But the soul of the era is missing, and with it any reason to care.

In Fleischer’s hands, the high-stakes shootouts are as stylish as a GQ spread, but it’s nearly impossible to figure out who’s zoomin’ who. Fleischer didn’t have these sorts of identity issues in the hyper-violent fun of 2009’s “Zombieland,” whose apocalyptic road trip to evade the easy-to-spot undead put the director on the map.
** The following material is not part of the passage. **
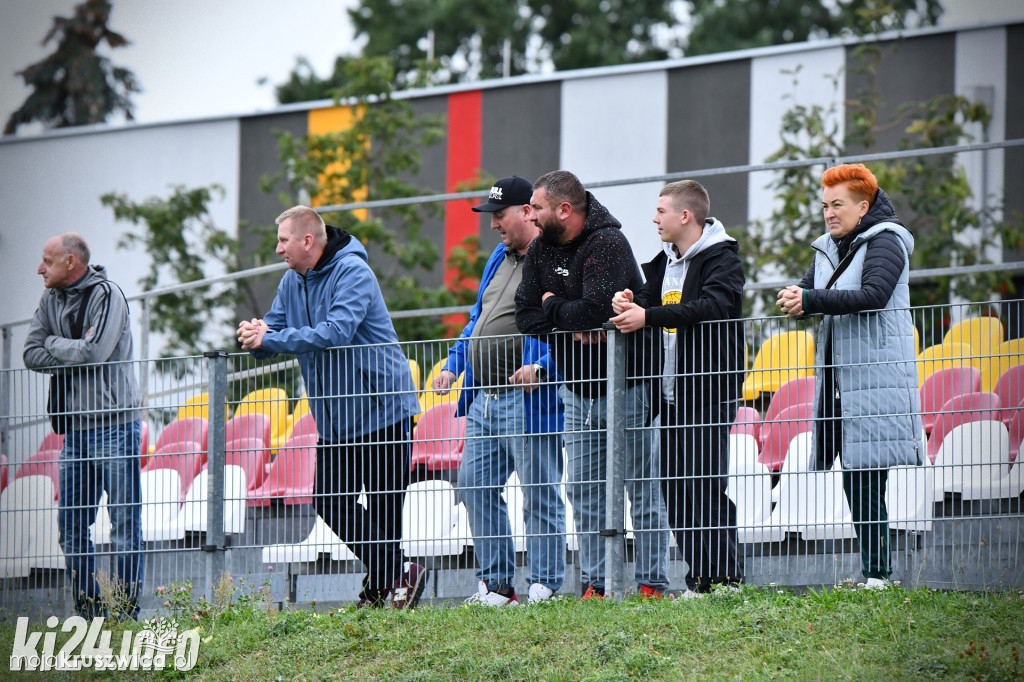 Fregata Polanowice zmierzyła się z Goplanią. Mecz przerwano [FOTO]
“Gangster Squad” has a promising start: a grainy shot of a punching bag being sorely abused, including one great slow-mo jab that showcases muscle — specially the beefed-up biceps of Penn as Brooklyn-born-tough-turned-Mafia-wiseguy Mickey Cohen. It’s an apt image because much of the film turns on how the onetime boxer is brutally muscling his way into the top spot of the very fluid Mafia operations in L.A.
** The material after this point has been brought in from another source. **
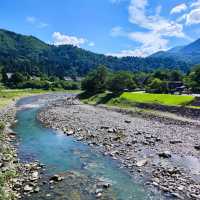 Shirakawago in Summer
But the powerful punch of that opening moment is fleeting. The movie quickly slips into something closer to a “Law & Order” procedural as the sprawling list of characters is introduced as well as the genesis for Los Angeles Police Chief William Parker’s (Nick Nolte) decision to set up an off-the-books operation to wipe out mob influence in the city. With about half the force on the take and the scandal sheets breathlessly tracking every slip-up — a world so stylishly and memorably tackled by “L.A. Confidential” in 1997 — it’s no easy task.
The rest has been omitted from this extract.